L’entrée de Nointel avait produit une certaine sensation parmi les nerveuses. Sans doute elles n’étaient point accoutumées à rencontrer chez leur docteur préféré des cavaliers si bien tournés. Les conversations cessèrent, les mains qui feuilletaient les albums s’arrêtèrent, et les yeux se tournèrent tous vers le beau capitaine. Mais il fit mine de ne pas s’apercevoir qu’on le regardait. Il ne venait pas là pour chercher des bonnes fortunes, et d’ailleurs les clientes de Saint-Galmier ne le tentaient pas du tout.

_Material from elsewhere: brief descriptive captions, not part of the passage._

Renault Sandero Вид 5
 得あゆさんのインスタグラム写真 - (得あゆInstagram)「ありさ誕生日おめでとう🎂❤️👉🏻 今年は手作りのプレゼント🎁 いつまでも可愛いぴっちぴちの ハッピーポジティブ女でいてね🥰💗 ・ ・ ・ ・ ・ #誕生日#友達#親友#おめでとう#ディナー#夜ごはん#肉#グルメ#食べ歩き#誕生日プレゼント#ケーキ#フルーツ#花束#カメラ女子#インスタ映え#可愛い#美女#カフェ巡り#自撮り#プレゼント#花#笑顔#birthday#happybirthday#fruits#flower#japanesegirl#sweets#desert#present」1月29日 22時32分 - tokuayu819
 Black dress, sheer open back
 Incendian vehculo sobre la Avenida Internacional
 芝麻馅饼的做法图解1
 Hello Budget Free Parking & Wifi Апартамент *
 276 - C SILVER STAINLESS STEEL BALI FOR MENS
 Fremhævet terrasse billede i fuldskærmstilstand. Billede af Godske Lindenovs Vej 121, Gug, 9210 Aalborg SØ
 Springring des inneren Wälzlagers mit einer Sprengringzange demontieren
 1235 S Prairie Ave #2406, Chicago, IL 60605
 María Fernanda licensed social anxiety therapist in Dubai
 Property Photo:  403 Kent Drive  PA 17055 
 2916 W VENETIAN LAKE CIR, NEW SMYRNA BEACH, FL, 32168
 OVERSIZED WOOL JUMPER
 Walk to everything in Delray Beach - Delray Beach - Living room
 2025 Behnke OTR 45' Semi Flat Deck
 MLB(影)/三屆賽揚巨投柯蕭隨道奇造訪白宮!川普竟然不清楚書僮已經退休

Il eut bientôt le plaisir de constater que les consultations n’étaient pas longues. Il ne se passait pas dix minutes sans que la porte du cabinet s’ouvrît discrètement, et sans que le docteur se montrât sur le seuil; mais Nointel était si bien établi au fond d’une encoignure que Saint-Galmier ne pouvait pas l’apercevoir, car le salon était assez faiblement éclairé par des lampes recouvertes d’abat-jour. À chaque apparition de l’illustre praticien, une de ces dames se levait, appelée par un geste gracieux, et pénétrait dans le sanctuaire qui avait deux issues. On ne la revoyait plus, et, après un peu de temps, une autre lui succédait. Chacune passait à son rang, sans contestation et sans bruit, car Saint-Galmier ne recevait que des personnes bien élevées, et son nègre ne distribuait des numéros que pour la forme.
Nointel était arrivé le dernier, mais son tour ne pouvait guère tarder à venir, et il l’attendait en rêvant à une chose qui le préoccupait depuis la veille et à laquelle il n’avait pas encore eu le temps de penser sérieusement. Saint-Galmier et Simancas vivaient dans la plus étroite intimité, ce n’était pas douteux. Ils avaient eu des intérêts communs avec Golymine, ce n’était pas douteux non plus. Quels intérêts, et sur quoi se fondait cette union qui avait survécu au Polonais? À quelle œuvre ténébreuse avaient travaillé ensemble ces trois aventuriers? S’étaient-ils toujours bornés à exploiter des secrets féminins, ou existait-il entre eux des liens créés par des complicités plus graves? La dernière de ces deux suppositions semblait improbable, et pourtant Nointel ne la rejetait pas absolument, car il avait fort mauvaise opinion de toute cette bande étrangère.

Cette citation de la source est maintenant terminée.